Thursday, July 29, 2004

Reserves’ city workers
might get pay

City employees who are members of the National Guard or Reserve forces might not have to give up their city paychecks when they are called for active duty, under a bill approved by the City Council Budget Committee yesterday.

The measure would give the city the option of paying those employees the difference between their city salary and military salary if the military salary is less.

The bill comes on the heels of the announcement that soldiers of the Hawaii Army National Guard's 29th Infantry Brigade (Separate) have been ordered to report for active duty Aug. 16 to prepare for a year of combat duty in Iraq.

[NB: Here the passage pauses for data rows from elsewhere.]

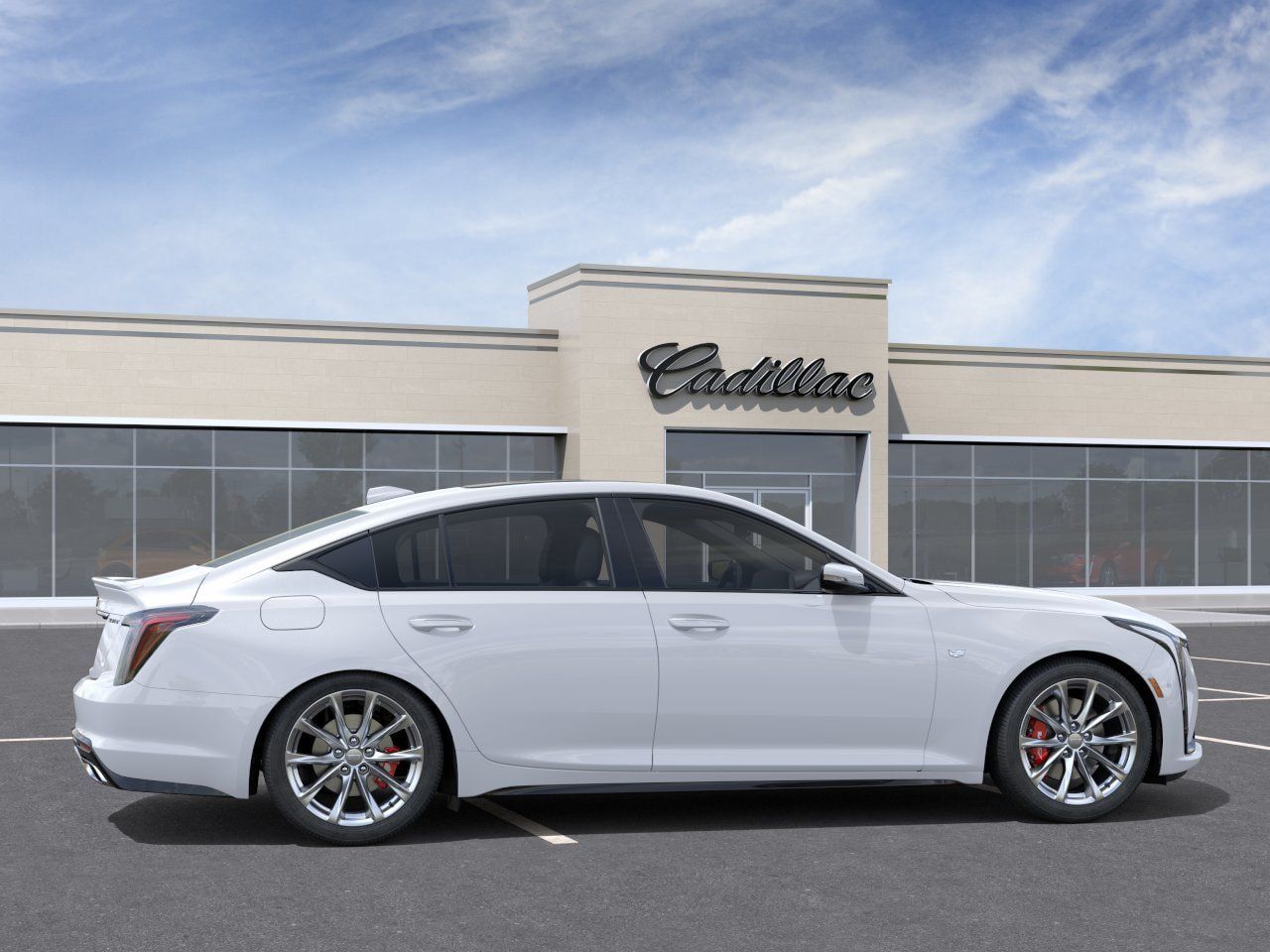 New 2026 Cadillac CT5 Sport w/ Technology Package AWD/4WD image 5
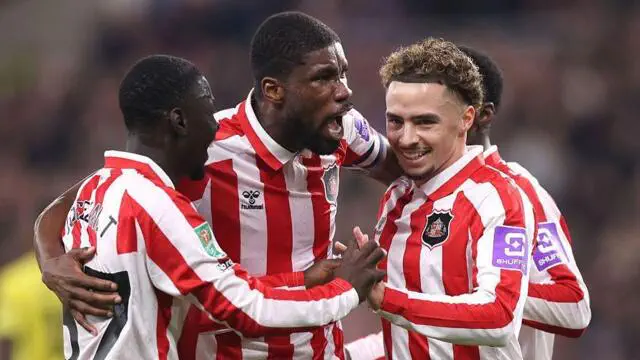 Sunderland : Talbi buteur, Brentford éliminé de la Carabao Cup au bout du suspense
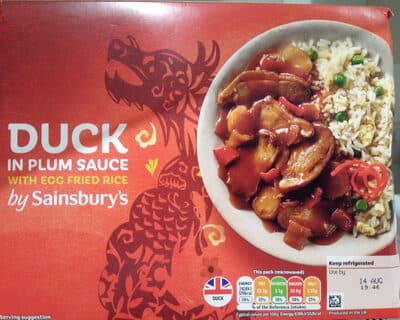 Duck In Plum Sauce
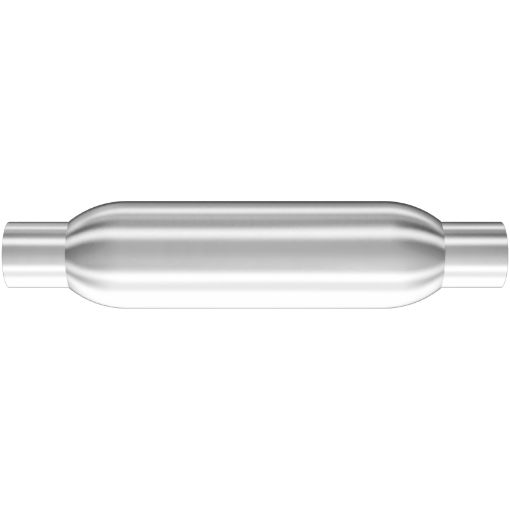 Picture of MagnaFlow Muff GP 3.5in Dia 16in Overall Length 1.75in Inlet 1.75in Outlet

City spokeswoman Carol Costa said that so far, 42 city employees have received orders to report for active duty, with the potential for 250 to 300 or possibly more to be eventually called up.

Councilman Charles Djou, a lieutenant in the Army Reserve who is not being deployed, introduced the bill.

He said he did so after he learned about private companies like Sears, Verizon and Home Depot, as well as municipalities such as San Francisco, San Jose and Fresno, Calif., that offer to pay the differential benefit to employees who are reservists or Guard members.

"They all have said they'll pay the differences because they recognize the sacrifices that the families have to make," Djou said. "I think it's important that we make this gesture here in Hawaii."

But the city administration spoke against the bill.

Human Resources Director Cheryl Okumu-Sepe said that the city cannot afford to give such a benefit.

"When these vacancies occur as a result of the military call-ups, it'd be necessary for departments to then fill these positions on a temporary basis," she said.

Chris Diebling, budget and fiscal services deputy director, said that the money saved by not paying salaries would be used to hire temporary workers or bring employees in on overtime to fill the void. "We'd be put into quite a budget crunch," Diebling said, if the city had to pay the differential to employees who are not providing services to the city.

Councilwoman Barbara Marshall, who objected to the bill, said it is not fair that only one segment of those who are called up will be getting the benefit, even though all are serving the country.

"I wish we could afford to do it," Marshall said, "but because we're dealing with taxpayers' dollars, I just don't think we can create that level of unfairness."

Budget Chairwoman Ann Kobayashi recommended the bill move forward but indicated that it will likely be amended. The bill is scheduled for a public hearing on Aug. 11.